# Subject: Data Science Foundation

## Session 14 - ArcGIS API for Python.

### Exercise 2 -  Descriptive Statistics using a HTML table to Pandas Data Frame to Portal Item

Let us read the Wikipedia article on List of countries by cigarette consumption per capita. 
This is a list of countries by annual per capita consumption of tobacco cigarettes. 
Explore the dataframe (descriptive statistics and correlation) and creates a map. 

https://en.wikipedia.org/wiki/List_of_countries_by_cigarette_consumption_per_capita

In [5]:
import pandas as pd

In [6]:
df = pd.read_html("https://en.wikipedia.org/wiki/List_of_countries_by_cigarette_consumption_per_capita")[0]

In [7]:
df.head()

Unnamed: 0,0,1,2
0,Ranking,Country/Territory,Number of cigarettes per person aged ≥ 15 per ...
1,1,Montenegro,4124.53
2,2,Belarus,3831.62
3,3,Lebanon,3023.15
4,4,Macedonia,2732.23


In [8]:
df.columns = df.iloc[0]
df = df.reindex(df.index.drop(0))

In [9]:
df.head()

Unnamed: 0,Ranking,Country/Territory,Number of cigarettes per person aged ≥ 15 per year[7]
1,1,Montenegro,4124.53
2,2,Belarus,3831.62
3,3,Lebanon,3023.15
4,4,Macedonia,2732.23
5,5,Russia,2690.33


In [25]:
df.rename(columns={'Ranking': 'Ranking', 'Country/Territory': 'Country', 'Number of cigarettes per person aged ≥ 15 per year[7]': 'Num of sig'}, inplace=True)

In [26]:
df.head()

Unnamed: 0,Ranking,Country,Num of sig
1,1,Montenegro,4124.53
2,2,Belarus,3831.62
3,3,Lebanon,3023.15
4,4,Macedonia,2732.23
5,5,Russia,2690.33


Lets check the data structure

In [27]:
df.dtypes

0
Ranking       object
Country       object
Num of sig    object
dtype: object

In [29]:
converted_column = pd.to_numeric(df["Num of sig"], errors = 'coerce') # If ‘coerce’, then invalid parsing will be set as NaN.
df['Num of sig'] = converted_column


In [30]:
converted_column = pd.to_numeric(df["Ranking"], errors = 'coerce') # If ‘coerce’, then invalid parsing will be set as NaN.
df['Ranking'] = converted_column


In [31]:
df.dtypes

0
Ranking         int64
Country        object
Num of sig    float64
dtype: object

In [32]:
df.shape 

(182, 3)

In [33]:
df.info()

<class 'pandas.core.frame.DataFrame'>
Int64Index: 182 entries, 1 to 182
Data columns (total 3 columns):
Ranking       182 non-null int64
Country       182 non-null object
Num of sig    182 non-null float64
dtypes: float64(1), int64(1), object(1)
memory usage: 5.7+ KB


Lets find the ranking position of our Country

In [35]:
df.loc[df['Country'] == "Spain"]

Unnamed: 0,Ranking,Country,Num of sig
47,47,Spain,1264.74


In [36]:
df.loc[df['Country'] == "Russia"]

Unnamed: 0,Ranking,Country,Num of sig
5,5,Russia,2690.33


Lets check the descriptive statistics

In [37]:
df.describe()

Unnamed: 0,Ranking,Num of sig
count,182.0,182.0
mean,91.5,818.75544
std,52.683014,757.071004
min,1.0,14.96
25%,46.25,213.755
50%,91.5,569.115
75%,136.75,1265.79
max,182.0,4124.53


> Put your code here

Lets rename the columns to prepare the data for a correlation analysis and also for mapping

> Put your code here

We need the "Number of cigarettes per person aged ≥ 15 per year[7]" column (Nrcigar_ppe) in numeric format.
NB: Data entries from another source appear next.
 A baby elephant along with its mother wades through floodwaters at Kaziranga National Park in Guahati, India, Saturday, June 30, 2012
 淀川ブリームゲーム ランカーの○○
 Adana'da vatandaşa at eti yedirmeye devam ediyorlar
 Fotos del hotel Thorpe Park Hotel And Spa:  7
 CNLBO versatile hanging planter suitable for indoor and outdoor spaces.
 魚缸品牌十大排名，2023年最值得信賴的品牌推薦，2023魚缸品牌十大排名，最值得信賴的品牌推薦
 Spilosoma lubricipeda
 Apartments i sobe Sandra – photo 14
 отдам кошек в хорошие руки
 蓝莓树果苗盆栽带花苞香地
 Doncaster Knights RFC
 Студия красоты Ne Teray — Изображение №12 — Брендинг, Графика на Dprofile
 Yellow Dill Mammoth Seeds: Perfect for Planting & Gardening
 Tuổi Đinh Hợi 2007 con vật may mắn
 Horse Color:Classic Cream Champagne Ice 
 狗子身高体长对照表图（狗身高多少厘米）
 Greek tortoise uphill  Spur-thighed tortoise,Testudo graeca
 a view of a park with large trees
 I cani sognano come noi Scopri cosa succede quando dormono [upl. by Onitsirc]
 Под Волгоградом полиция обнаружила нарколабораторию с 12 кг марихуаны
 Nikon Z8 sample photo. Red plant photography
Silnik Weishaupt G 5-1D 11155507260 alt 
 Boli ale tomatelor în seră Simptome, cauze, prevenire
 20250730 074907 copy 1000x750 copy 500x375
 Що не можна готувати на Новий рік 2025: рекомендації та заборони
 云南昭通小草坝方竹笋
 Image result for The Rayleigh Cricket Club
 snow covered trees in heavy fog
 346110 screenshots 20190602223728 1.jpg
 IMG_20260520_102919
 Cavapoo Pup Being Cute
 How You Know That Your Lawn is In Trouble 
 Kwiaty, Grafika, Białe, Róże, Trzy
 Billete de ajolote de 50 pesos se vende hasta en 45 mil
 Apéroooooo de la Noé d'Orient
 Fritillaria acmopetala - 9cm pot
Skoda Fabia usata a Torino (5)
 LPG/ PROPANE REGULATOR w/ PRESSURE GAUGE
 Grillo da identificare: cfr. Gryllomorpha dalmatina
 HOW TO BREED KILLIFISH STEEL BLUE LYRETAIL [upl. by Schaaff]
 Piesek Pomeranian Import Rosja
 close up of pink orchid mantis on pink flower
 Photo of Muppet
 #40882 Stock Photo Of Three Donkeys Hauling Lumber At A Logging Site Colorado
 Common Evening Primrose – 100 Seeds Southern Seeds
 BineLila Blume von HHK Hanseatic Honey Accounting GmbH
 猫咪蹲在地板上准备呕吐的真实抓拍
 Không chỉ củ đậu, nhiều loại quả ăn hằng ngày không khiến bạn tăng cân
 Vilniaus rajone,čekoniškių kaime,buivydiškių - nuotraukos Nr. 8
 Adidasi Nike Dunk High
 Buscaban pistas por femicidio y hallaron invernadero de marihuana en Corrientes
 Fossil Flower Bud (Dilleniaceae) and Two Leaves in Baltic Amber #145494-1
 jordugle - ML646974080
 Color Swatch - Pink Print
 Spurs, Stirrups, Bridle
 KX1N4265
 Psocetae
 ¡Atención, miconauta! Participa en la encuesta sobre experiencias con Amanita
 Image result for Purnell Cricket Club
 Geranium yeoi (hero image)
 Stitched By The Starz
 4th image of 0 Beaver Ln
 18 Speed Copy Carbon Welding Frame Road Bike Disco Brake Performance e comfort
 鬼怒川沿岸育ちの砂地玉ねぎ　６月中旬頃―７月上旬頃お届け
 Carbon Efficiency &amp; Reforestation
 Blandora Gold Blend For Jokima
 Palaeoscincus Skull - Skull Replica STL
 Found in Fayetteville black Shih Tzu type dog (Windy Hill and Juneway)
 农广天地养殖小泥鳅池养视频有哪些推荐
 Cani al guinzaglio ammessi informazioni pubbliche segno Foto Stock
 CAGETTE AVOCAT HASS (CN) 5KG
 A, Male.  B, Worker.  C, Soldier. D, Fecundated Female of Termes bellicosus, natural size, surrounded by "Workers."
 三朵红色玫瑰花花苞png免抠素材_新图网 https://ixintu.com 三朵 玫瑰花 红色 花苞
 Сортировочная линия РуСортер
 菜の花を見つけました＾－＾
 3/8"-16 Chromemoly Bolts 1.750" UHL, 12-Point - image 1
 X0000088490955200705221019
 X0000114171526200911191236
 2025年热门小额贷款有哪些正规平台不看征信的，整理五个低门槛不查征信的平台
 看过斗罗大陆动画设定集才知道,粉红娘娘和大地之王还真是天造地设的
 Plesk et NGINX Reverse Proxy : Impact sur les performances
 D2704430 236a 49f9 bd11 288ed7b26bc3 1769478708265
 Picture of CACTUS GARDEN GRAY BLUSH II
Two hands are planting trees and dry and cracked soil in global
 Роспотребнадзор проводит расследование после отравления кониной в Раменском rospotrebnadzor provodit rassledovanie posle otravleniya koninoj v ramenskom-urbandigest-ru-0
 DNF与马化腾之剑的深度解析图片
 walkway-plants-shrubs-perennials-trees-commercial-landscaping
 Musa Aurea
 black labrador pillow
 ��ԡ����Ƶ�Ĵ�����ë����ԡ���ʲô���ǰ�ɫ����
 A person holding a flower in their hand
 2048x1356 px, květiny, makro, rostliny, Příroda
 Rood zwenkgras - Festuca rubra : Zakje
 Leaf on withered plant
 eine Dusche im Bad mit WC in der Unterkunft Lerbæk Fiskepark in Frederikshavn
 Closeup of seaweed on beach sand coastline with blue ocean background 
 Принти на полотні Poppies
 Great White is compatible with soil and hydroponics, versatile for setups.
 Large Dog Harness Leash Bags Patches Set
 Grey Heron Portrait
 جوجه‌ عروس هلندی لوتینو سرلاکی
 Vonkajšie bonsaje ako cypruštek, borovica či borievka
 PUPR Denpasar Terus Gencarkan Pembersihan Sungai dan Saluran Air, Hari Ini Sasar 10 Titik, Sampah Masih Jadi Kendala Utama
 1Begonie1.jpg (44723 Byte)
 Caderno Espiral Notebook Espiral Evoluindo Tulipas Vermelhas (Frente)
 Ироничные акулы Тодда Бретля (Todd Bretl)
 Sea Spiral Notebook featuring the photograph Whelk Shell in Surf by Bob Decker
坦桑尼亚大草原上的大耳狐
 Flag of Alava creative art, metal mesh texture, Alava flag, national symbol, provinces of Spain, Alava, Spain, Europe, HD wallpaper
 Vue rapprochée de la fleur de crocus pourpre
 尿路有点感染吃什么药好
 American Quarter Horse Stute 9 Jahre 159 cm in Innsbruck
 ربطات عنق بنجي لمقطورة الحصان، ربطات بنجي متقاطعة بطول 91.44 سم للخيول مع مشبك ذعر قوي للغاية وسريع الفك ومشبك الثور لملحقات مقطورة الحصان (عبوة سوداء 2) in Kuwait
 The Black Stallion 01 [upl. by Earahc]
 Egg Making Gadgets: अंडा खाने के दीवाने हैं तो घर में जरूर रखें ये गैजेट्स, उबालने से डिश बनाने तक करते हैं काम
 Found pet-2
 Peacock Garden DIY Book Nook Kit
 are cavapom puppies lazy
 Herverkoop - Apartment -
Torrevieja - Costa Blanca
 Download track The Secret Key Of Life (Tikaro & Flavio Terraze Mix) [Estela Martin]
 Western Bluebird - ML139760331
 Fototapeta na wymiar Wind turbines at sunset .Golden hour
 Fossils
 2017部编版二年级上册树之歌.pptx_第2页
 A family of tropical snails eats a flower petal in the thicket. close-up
Hence let us convert it and while doing so, convert incorrect values to NaN which stands for Not a Number.

> Put your code here

Repeat for the "Ranking" column

> Put your code here

Lets calculate the correlation

> Put your code here

## Plot as a map

Let us connect to our GIS to geocode this data and present it as a map

In [42]:
from arcgis.gis import GIS
import json
gis = GIS("https://www.arcgis.com", "MariiaShcherbiakBTS", "12345Qwer")

In [43]:
fc = gis.content.import_data(df, {"CountryCode":"Country"})

In [44]:
map1 = gis.map('Spain')

In [45]:
map1

Let us us smart mapping to render the points with varying sizes representing the number of Number of cigarettes per person aged ≥ 15 per year

In [46]:
map1.add_layer(fc, {"renderer":"ClassedSizeRenderer",
               "field_name": "Num of sig"})

> Put your code here

Let us publish this layer as a feature collection item in our GIS

In [47]:
item_properties = {
    "title": "Number of cigarettes per person aged ",
    "tags" : "cigaretts ",
    "snippet": " Number of cigarettes per person aged ",
    "description": "test description",
    "text": json.dumps({"featureCollection": {"layers": [dict(fc.layer)]}}),
    "type": "Feature Collection",
    "typeKeywords": "Data, Feature Collection, Singlelayer",
    "extent" : "-102.5272,-41.7886,172.5967,64.984"
}

item = gis.content.add(item_properties)

Let us search for this item

In [48]:
search_result = gis.content.search("Number of cigarettes per person aged")
search_result[0]